▸ **DIRECTIONS**
Go to the line holding "Dreef 23 Made thumbnail 19" in the data below and repeat it exactly, then each line after it up to and including the one holding "98 Kunnostuskartta 25". Omit pictures.

▸ **RECORDS SHOWN**
=== Begin Enclosure ===

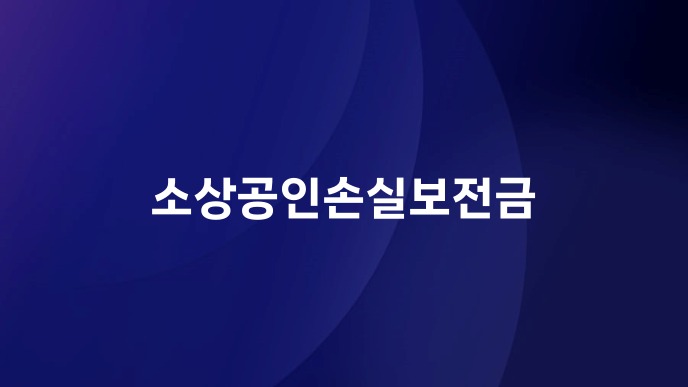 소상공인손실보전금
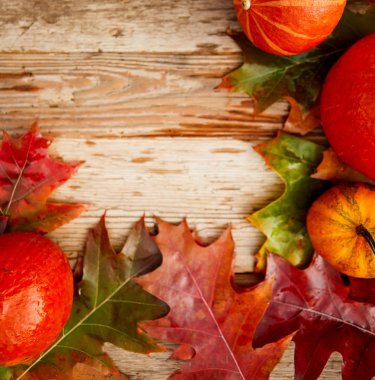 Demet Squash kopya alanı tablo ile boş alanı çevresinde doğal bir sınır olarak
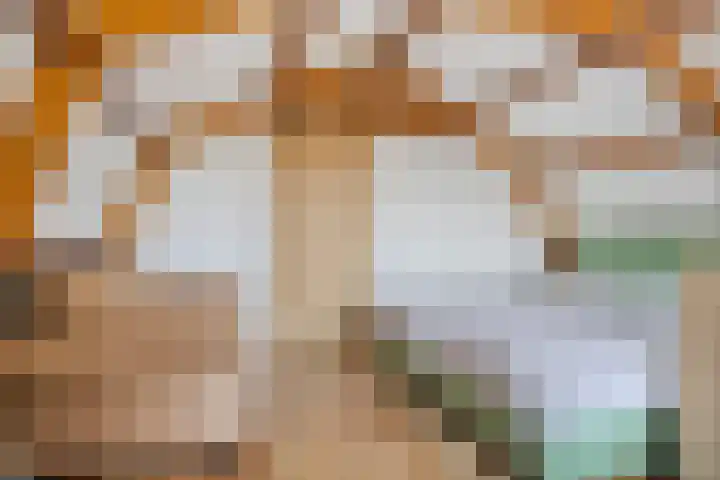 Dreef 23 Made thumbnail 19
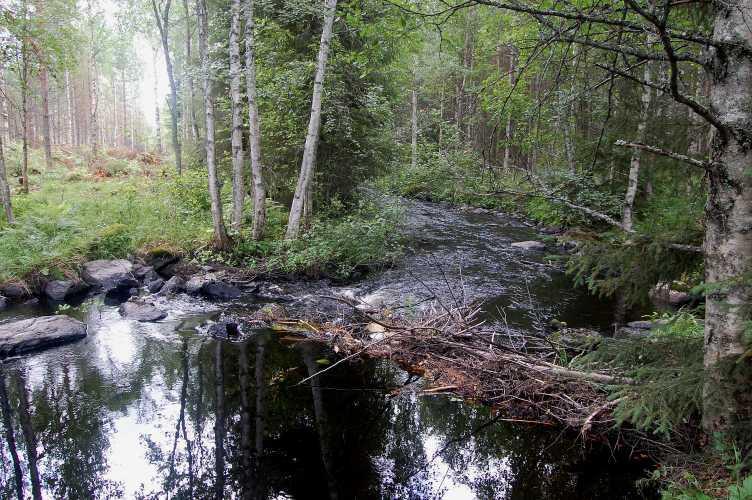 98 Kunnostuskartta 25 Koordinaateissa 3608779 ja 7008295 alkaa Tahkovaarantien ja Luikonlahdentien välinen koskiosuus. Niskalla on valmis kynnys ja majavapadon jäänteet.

=== End Enclosure ===
=== Begin Enclosure ===

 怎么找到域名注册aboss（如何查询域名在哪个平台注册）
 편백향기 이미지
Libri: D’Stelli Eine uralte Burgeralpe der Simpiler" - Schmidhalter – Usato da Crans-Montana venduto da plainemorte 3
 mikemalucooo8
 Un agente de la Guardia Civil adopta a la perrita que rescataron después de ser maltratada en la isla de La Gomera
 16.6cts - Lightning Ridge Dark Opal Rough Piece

=== End Enclosure ===

▸ **YOUR RESPONSE**
 Dreef 23 Made thumbnail 19
 98 Kunnostuskartta 25 Koordinaateissa 3608779 ja 7008295 alkaa Tahkovaarantien ja Luikonlahdentien välinen koskiosuus. Niskalla on valmis kynnys ja majavapadon jäänteet.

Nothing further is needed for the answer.